### What to work on
From the listing that follows, reproduce only the lines from the one holding "Hankook Dynapro HP2 RA33 235/60 R17" through the one holding "Платье короткое с пайетками", both included, with no pictures.

++++ Raw data ++++

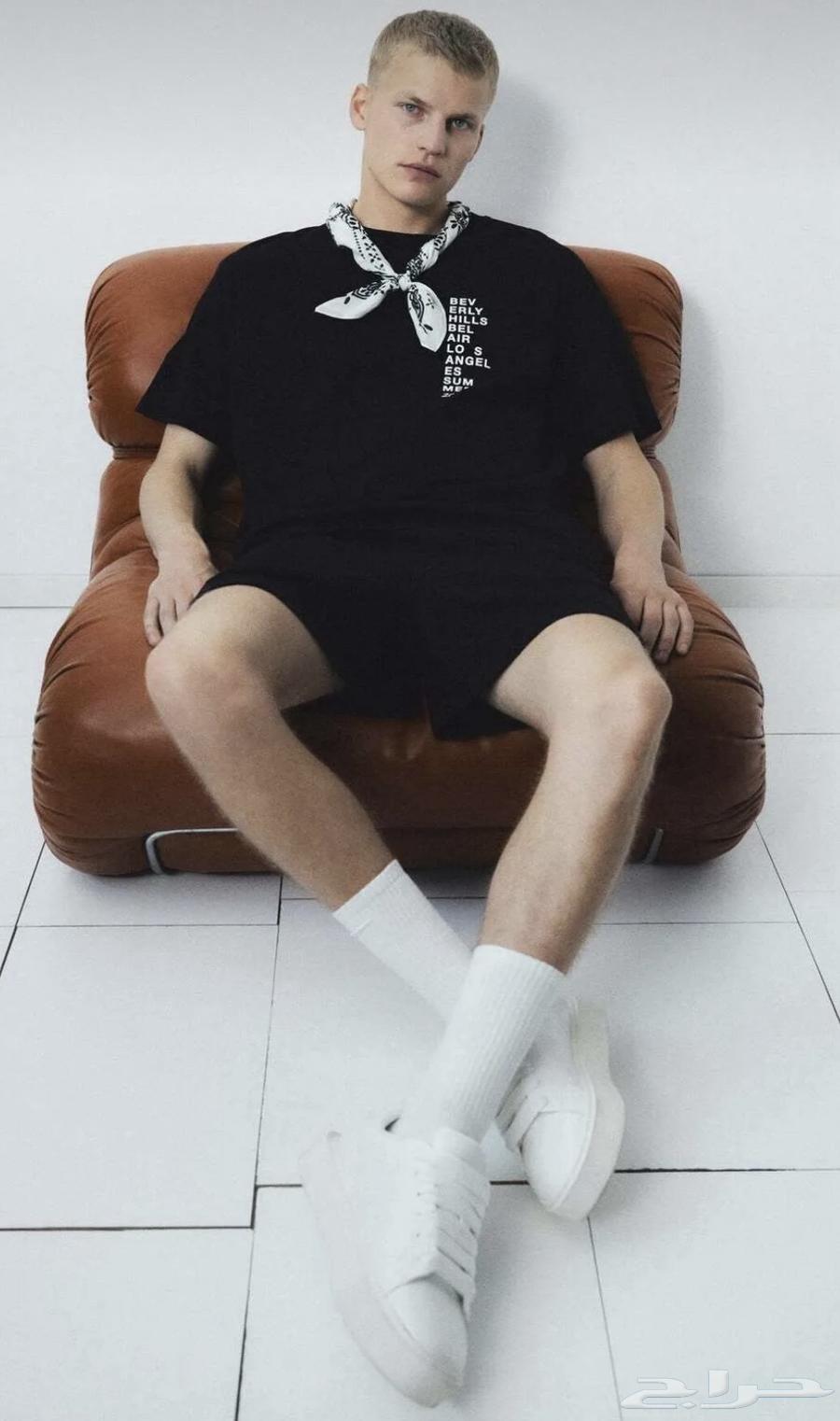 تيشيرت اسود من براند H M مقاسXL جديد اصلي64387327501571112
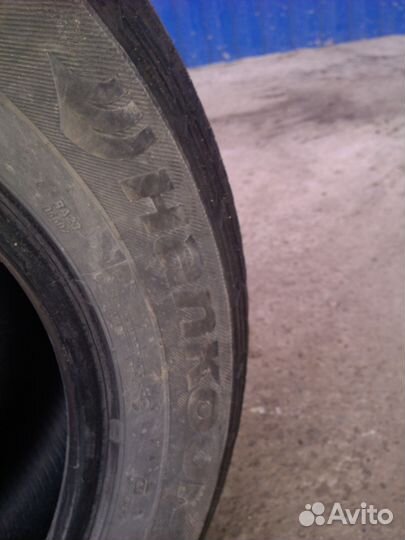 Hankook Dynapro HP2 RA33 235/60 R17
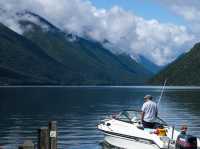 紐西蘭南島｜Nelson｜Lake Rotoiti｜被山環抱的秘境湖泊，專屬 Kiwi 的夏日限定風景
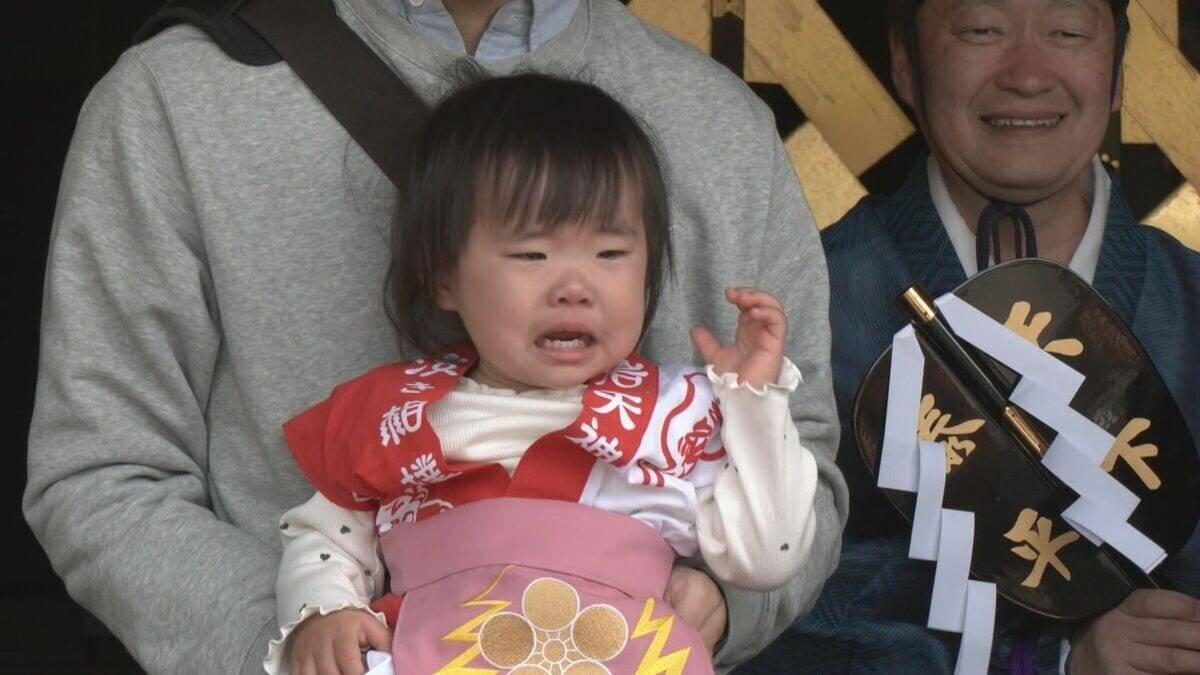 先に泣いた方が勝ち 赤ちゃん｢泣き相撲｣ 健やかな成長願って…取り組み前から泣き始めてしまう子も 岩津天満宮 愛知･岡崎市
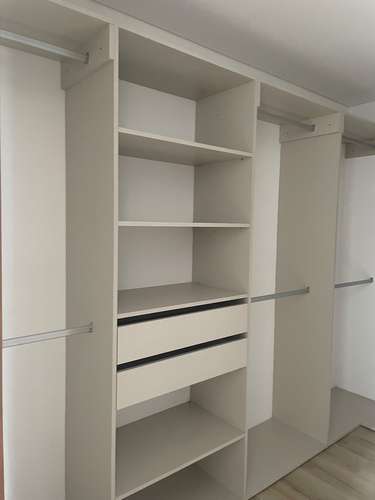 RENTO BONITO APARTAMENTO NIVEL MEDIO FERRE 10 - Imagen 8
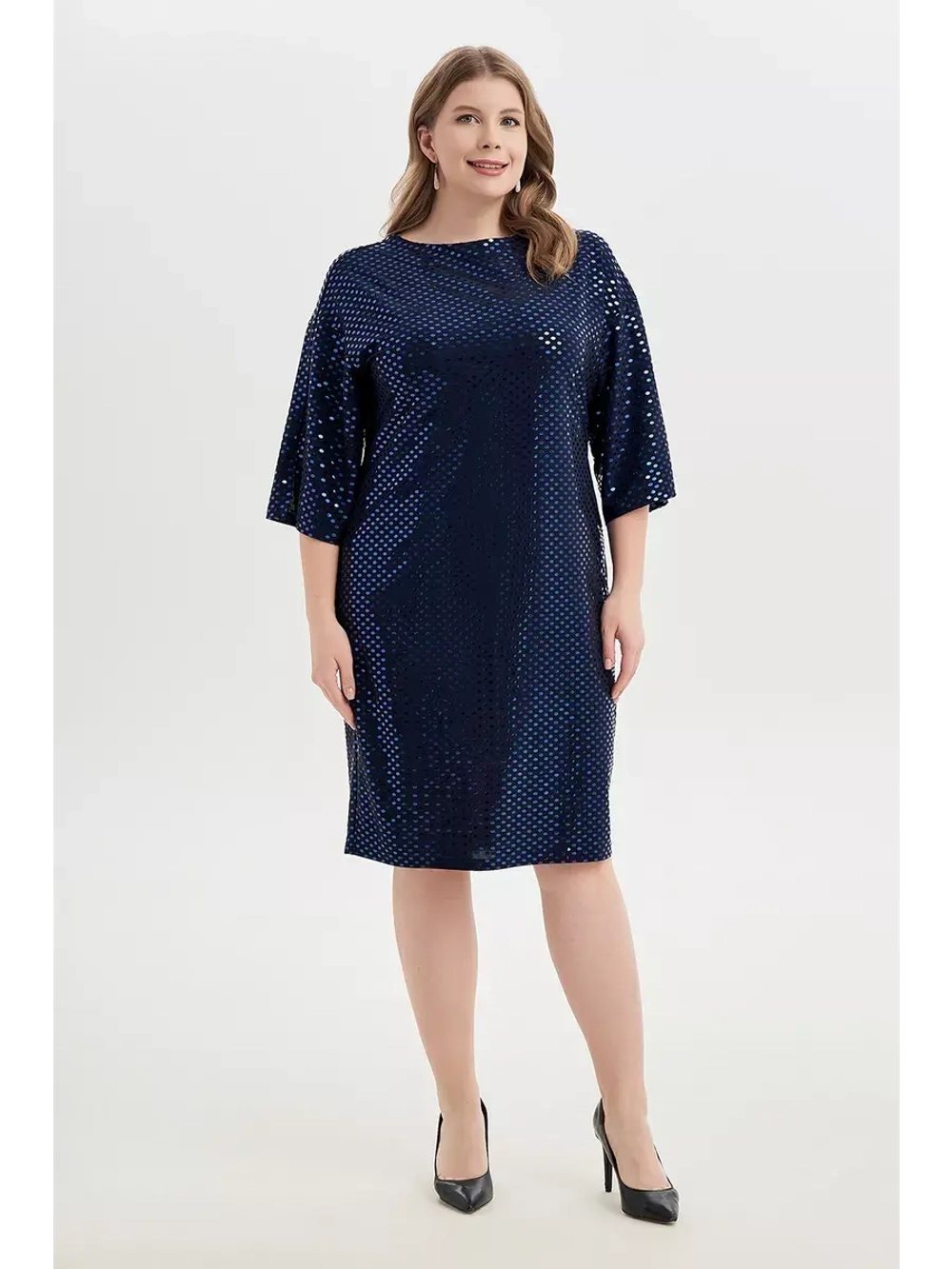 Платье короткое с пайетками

++++
++++ Raw data ++++

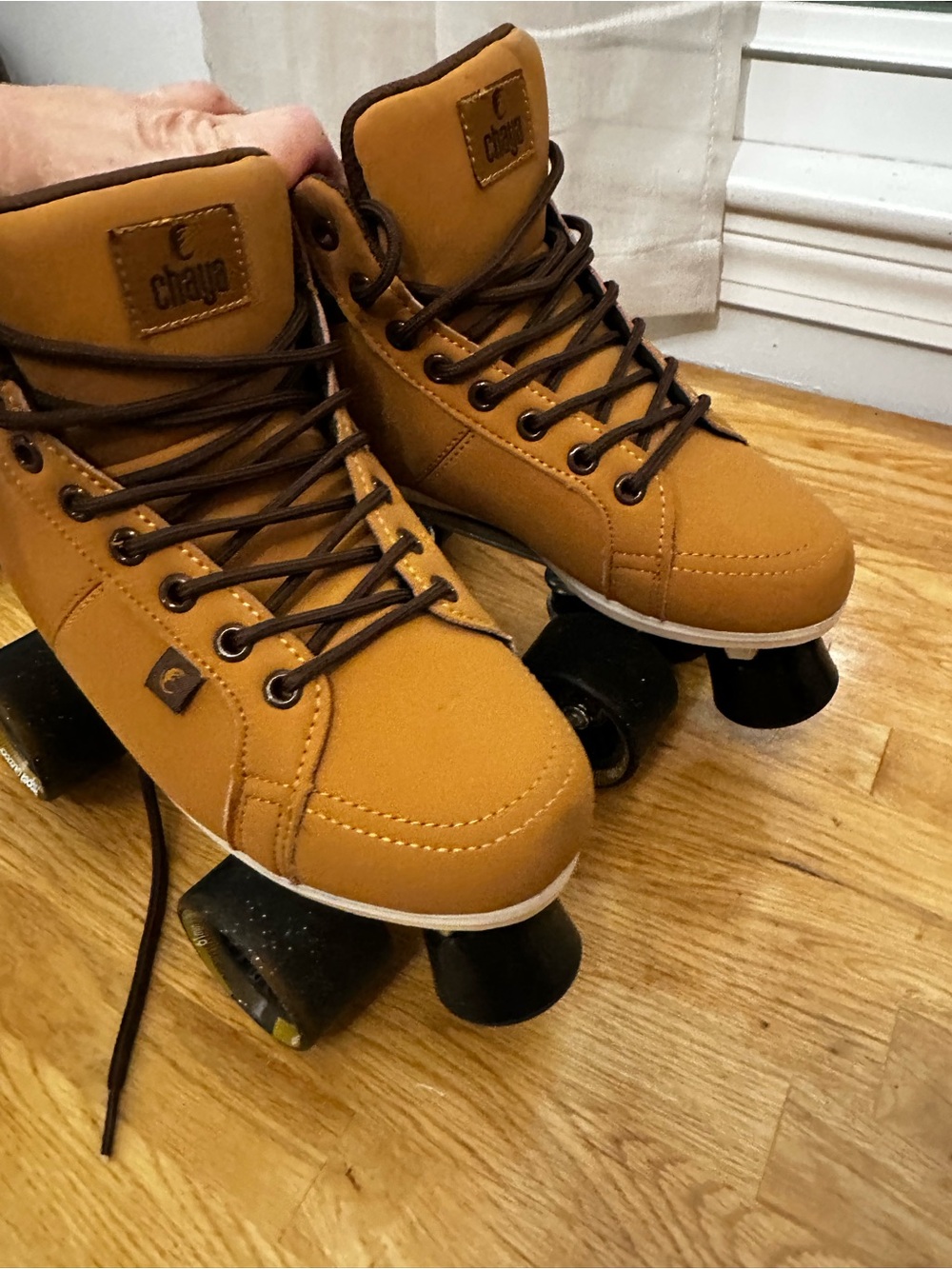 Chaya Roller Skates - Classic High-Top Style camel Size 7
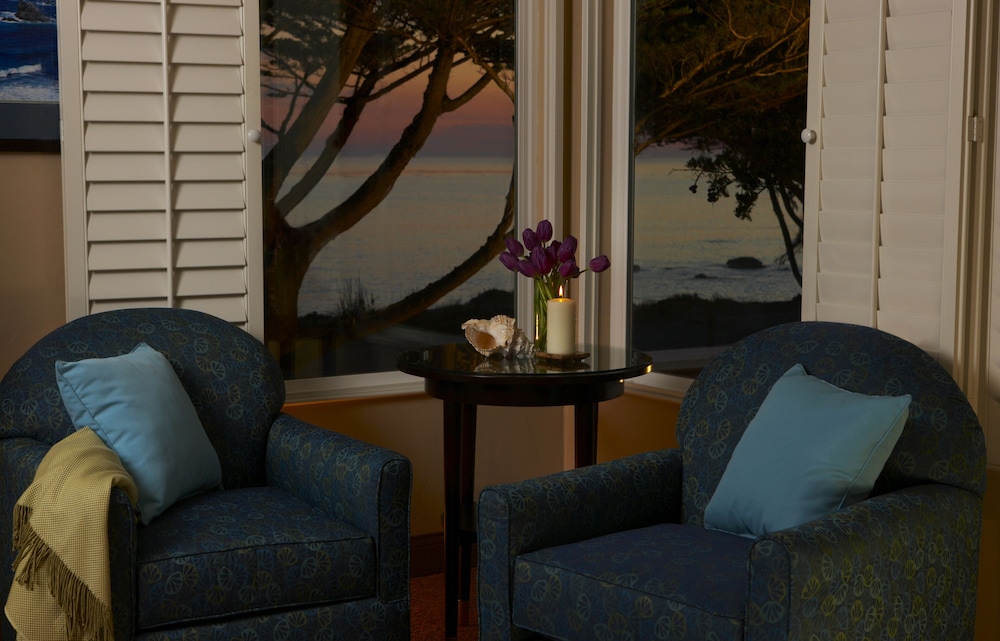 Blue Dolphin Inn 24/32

++++
++++ Raw data ++++

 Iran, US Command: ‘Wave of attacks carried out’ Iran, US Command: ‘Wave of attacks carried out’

++++

### Written response
 Hankook Dynapro HP2 RA33 235/60 R17
 紐西蘭南島｜Nelson｜Lake Rotoiti｜被山環抱的秘境湖泊，專屬 Kiwi 的夏日限定風景
 先に泣いた方が勝ち 赤ちゃん｢泣き相撲｣ 健やかな成長願って…取り組み前から泣き始めてしまう子も 岩津天満宮 愛知･岡崎市
 RENTO BONITO APARTAMENTO NIVEL MEDIO FERRE 10 - Imagen 8
 Платье короткое с пайетками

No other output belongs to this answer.